I grew up as a daddy’s girl. It was his side of the bed I went to as a little girl when I was sick. It was his car I looked for in parking lots after school and his shirts I stole to sleep in. When my family went on a deep sea fishing trip and everyone got violently ill, I left my mom behind and spent the afternoon laying on his stomach above deck with the sun beating down on us both. Those sounds and smells of that boat–workers yelling and men casting heavy line out into those churning seas and that hot fishy smell- will always be wrapped up with some of my most precious memories of my Dad. He was my person.
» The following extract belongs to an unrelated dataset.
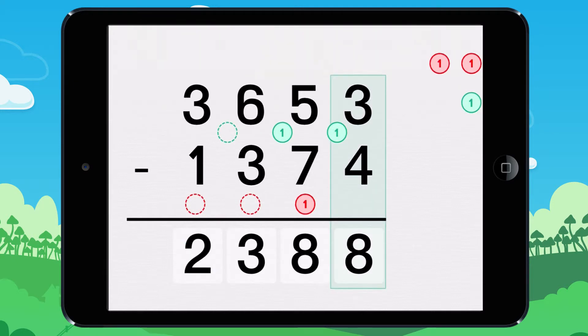4 is greater than 3. Add a 1 to 3 to make 13. 13 minus 4 equals 9.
Because of this, I was always fascinated with his faith even when I didn’t share it. It colored everything in his world. It affected how he treated my mom, how he conducted himself at work, how he dealt with hitchhikers he happened upon. Everything was filtered through his faith. When I was 32 years old, my Dad was diagnosed with a horrible, rare disease that would eventually rob us of his voice, his wisdom, his smile and finally, on a sunny morning in June, him. Long before that morning, my Dad’s faith and I had parted ways.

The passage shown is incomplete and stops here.